Ms. Tan’s journey to Chengdu was never something she had planned. “I clicked on a job posting almost by accident,” she recalls with a laugh. A friend had encouraged her, saying it would be a chance to see the world. “Knowledge in a book will always belong to someone else—but when you live it, it becomes your own perspective.”
So, she packed her bags, left Malaysia, and set out on an unexpected adventure. Later then, becoming one of KCS’s founding teachers. She still remembers carrying a heavy cupboard by herself to set up her first classroom, back when the campus was little more than bare walls and open spaces.“It was exhausting,” she admits, “but also unforgettable. Not every teacher gets the rare chance to witness a school grow from nothing. To build and grow alongside the students—that is something truly special.”

In Ms. Tan’s classroom, laughter often weaves seamlessly with moments of serious reflection. She has a gift for making science feel alive—turning something as ordinary as a daily habit, a workout routine, or even the fizz of a soda into a gateway for discovery.Yet, what her students take away is more than knowledge—it is hope. She remembers one student who was ready to give up, weighed down by both academic and personal struggles. With quiet patience and gentle encouragement, she helped her find her confidence and motivation again.
“Later she told me, ‘Teacher, you probably didn’t realize it, but you changed my life.’” Ms. Tan smiles at the memory. “Moments like that remind me why I teach. Scores are important, yes, but guiding a child to rediscover their own light—that’s what truly keeps me going.”

At last year’s Science Fair, one group of students left a lasting impression on Ms. Tan. Instead of stopping at the classroom experiments, they ventured out to a nearby pond, collected water samples, and set out to test the water quality. With curiosity leading the way, they even brainstormed simple, homemade methods to purify the water. The results were far from perfect—their prototype was nowhere near commercial level, and of course, it couldn’t solve water scarcity. But to Ms. Tan, that wasn’t the point. What mattered was the process: students drawing inspiration from everyday life, daring to ask their own questions, and seeking answers through science. “They didn’t walk away with a ‘perfect solution,’” she reflects, “but they did walk away with something more important: the habit of asking, ‘Is my water really clean? How can science make life better?’ And that, to me, is the true meaning of the Science Fair.”

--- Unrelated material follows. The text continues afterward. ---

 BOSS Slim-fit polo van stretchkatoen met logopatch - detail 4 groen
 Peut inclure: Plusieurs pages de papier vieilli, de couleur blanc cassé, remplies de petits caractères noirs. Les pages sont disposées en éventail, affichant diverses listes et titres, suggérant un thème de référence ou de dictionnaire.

For Ms. Tan, teaching has never been about simply transferring knowledge—it has always been about preparing her students to face the unknown with courage. She often reminds them that science, much like life, is unpredictable. “Experiments don’t always work. You can prepare for days, only to see your data go completely wrong,” she says with a gentle smile. “But that doesn’t mean it was wasted. Failure itself is part of science.”To her, mistakes are never failures but stepping stones, guiding students closer to discovery. She believes the true spirit of science lies not in perfection, but in the willingness to keep asking, keep testing, and keep exploring—even when the outcome is uncertain. If her students leave her class with the simple habit of asking “why” a little more often in their daily lives, she considers that her greatest success.

From Malaysia to China, from a young teacher to one of the founding members of KCS, Angel Tan has carried her passion for education unwaveringly.In her classroom, students are not passive listeners, but explorers—small scientists discovering the world for themselves. And maybe that’s why science, in her lessons, is not dry but alive: a journey of surprise, courage, and warmth.“If I can be a beam of light in my students’ lives—if even for a moment they feel hopeful because of something I did—then every hardship has been worth it,” Ms. Tan says.